Today, India sees in the BRI the objective co-relative of China’s growing capacity and economic influence in the emerging global economic and strategic architecture. The policymaker agonises that the BRI holds the potential to be a conduit of strategic access for China. No doubt, the BRI event in Beijing showcases China as a responsible great power.

The Indian elites counted on the US’ containment strategy to rein in China’s march to superpower stature. Weaned on the neoconservative foreign-policy ideology dominating successive US administrations through the past decade and a half, they blithely assumed that Washington would mentor India’s rise as a global power, as a counterweight to China.

Admittedly, the United Progressive Alliance government (2004-2014) led by Prime Minister Manmohan Singh also subscribed to the Washington Consensus but retained some degree of strategic autonomy by keeping an independent line open to China while not averse to selectively tapping into the US’ pivot to Asia to create synergy. That policy worked to India’s advantage and when UPA relinquished power in 2014, India-China relations had reached an appreciable level of stability and predictability. Even the negotiations on the border dispute began tiptoeing toward a breakthrough point.

However, the foreign policy directions under the present government have undone those gains. The policy shift to bandwagon with the Obama administration’s pivot strategy aimed at containing China altogether changed the matrix. Of course, there was a domestic dimension, too, since the Modi government’s strident nationalistic agenda dovetailed nicely with the optics of a «muscular diplomacy» towards China. In turn, if the India-China relations began losing direction, the «animated suspense» only provided justification for the drive to align India’s foreign policy with the US’ regional and global strategies.

Enter Donald Trump. The incipient signs of a reshaping of the US’ ties with China under Trump threaten to derail Modi government’s China policies. Going back to Beijing in sackcloth and ashes is neither an option nor is it acceptable to the Hindu nationalist groups mentoring the government and/or the Sinophobes entrenched amongst the security and foreign policy elites. Therefore, Delhi is watching anxiously the outcome of the power struggle in the Washington Beltway and is hoping against hope that the Obama-era US policies would eventually revive.

Modi’s visit to Washington late June will clarify matters.
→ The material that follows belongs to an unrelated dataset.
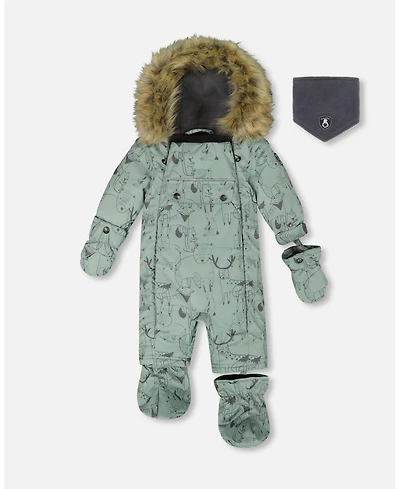 Deux par Baby Boy One-Piece Play Snowsuit Designed for Car Seat Sage Animal Print - Baby|Toddler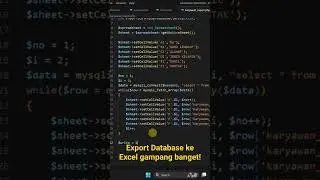 Export Database ke Excel Gampang Banget. #php #aplikasi #css #coding #tutorial #mysql #excel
Delhi is pulling out all the stops to get Trump hooked to the Obama-era «defining partnership» with India. Modi might even give a repeat performance of his Madison Square Garden road show in New York in September 2014 which had caught Obama’s eye and launched their improbable waltz – this time around in Houston, though.

The bottom line is that India’s ruling elite views the partnership with the US as the «ballast stone» of the country’s tryst with destiny and by far the preferred option to a few dozen billion dollars that China-led BRI might bring in for the country’s infrastructure development.

The pundits are pooh-poohing the BRI in TV chat shows as a crass Philistine venture that might create a hundred thousand jobs for the unemployed millions in India alright, but lacks soul. Indeed, the ecstasy of «turning down China» becomes a cathartic moment for the Hindu nationalist who chafes at the humiliating defeat in the 1962 war.